オバ打ちへのバックワード
第10回 発声について
●発声が聞こえない●
4月のたまごカップで、発声が小さくてよく聞こえない人がいました。卓上のマナーで、「発声ははっきりと」というのがありますよね。必要以上に大きい声を出すこともありませんが、同卓の対局者にきちんと聞こえる大きさで発声するのは、とても大切なことです。「だってわたし…大きな声は出せないの…ホラ、はずかしがりやだから」なんて言ってたらダメですよ。1メートルも離れていない人に声が聞こえないのは、はずかしい以前にかなり問題アリ!です。オバ度というより、困ったちゃんですね。
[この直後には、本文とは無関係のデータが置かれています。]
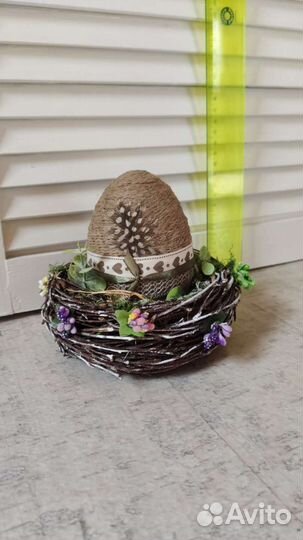 Пасхальный декор. Гнездо. Изделие из джута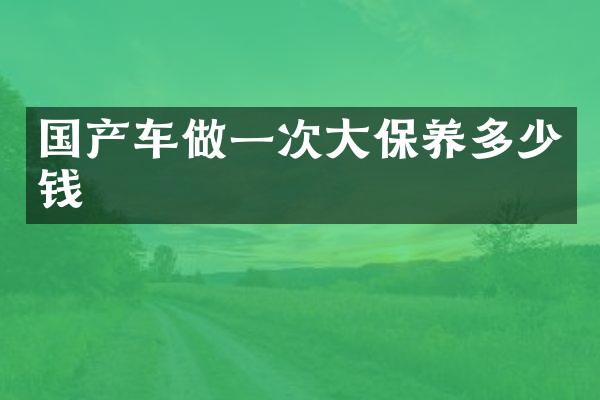 国产车做一次大保养多少钱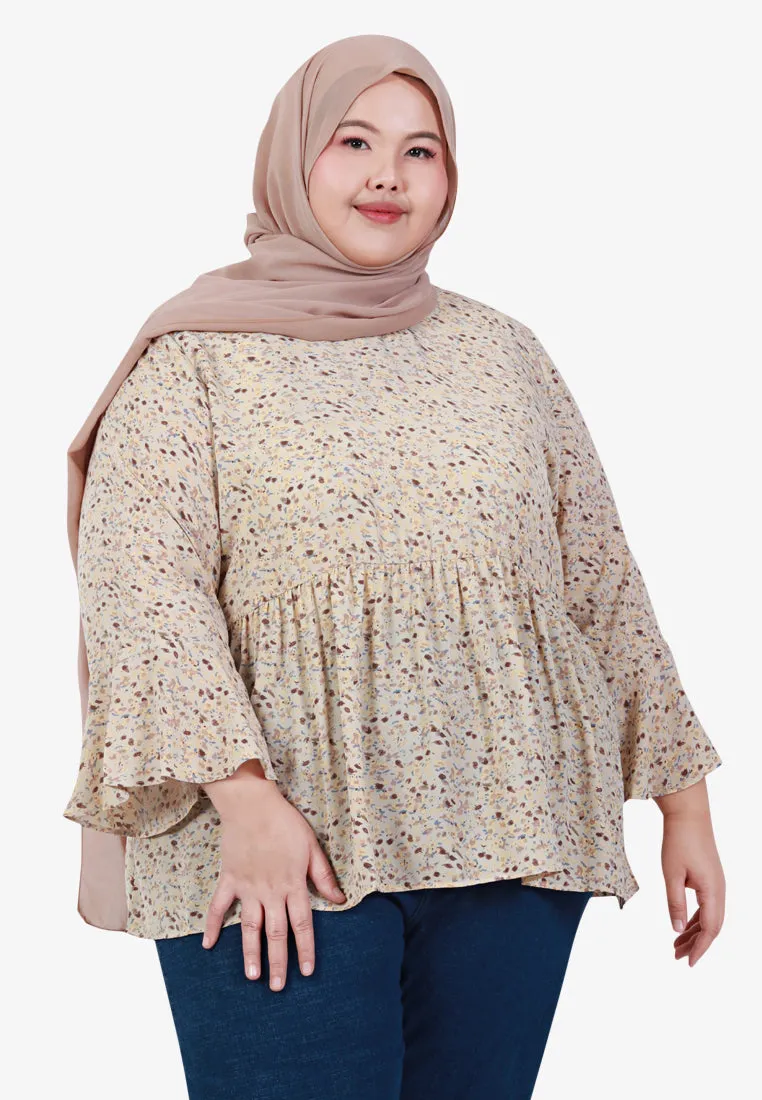 Blaine Bell Sleeve Printed Blouse - Beige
発声が聞こえないせいで、トラブルが起きることもあります。
自分がヤミテンをしていたとしましょう。そこにツモってきたのがアガリ牌。アガリ牌は本来、自分の手牌の位置よりも手前に置くのが良しとされています。それを自分の手牌よりも前に置いて「ツモ」と発声しました。「ツモ」の声が聞こえた場合は、「そこに置いちゃダメですよ」と注意を促してアガリを認められます。(これはとっても優しいケース。厳しいところだと、かなり怒られますよ。)しかし「ツモ」の発声が同卓の3人に聞こえなかった場合、それは完全に捨て牌として認識されますので、その牌に「ロン」や「ポン」がかかっても文句は言えません。「え〜、だってツモって言ったもん!」と言っても、そんな主張は通りません。本来捨て牌ゾーンに置いているのだから、それは自分が悪いのですから。ここまで来るとオバ度3です。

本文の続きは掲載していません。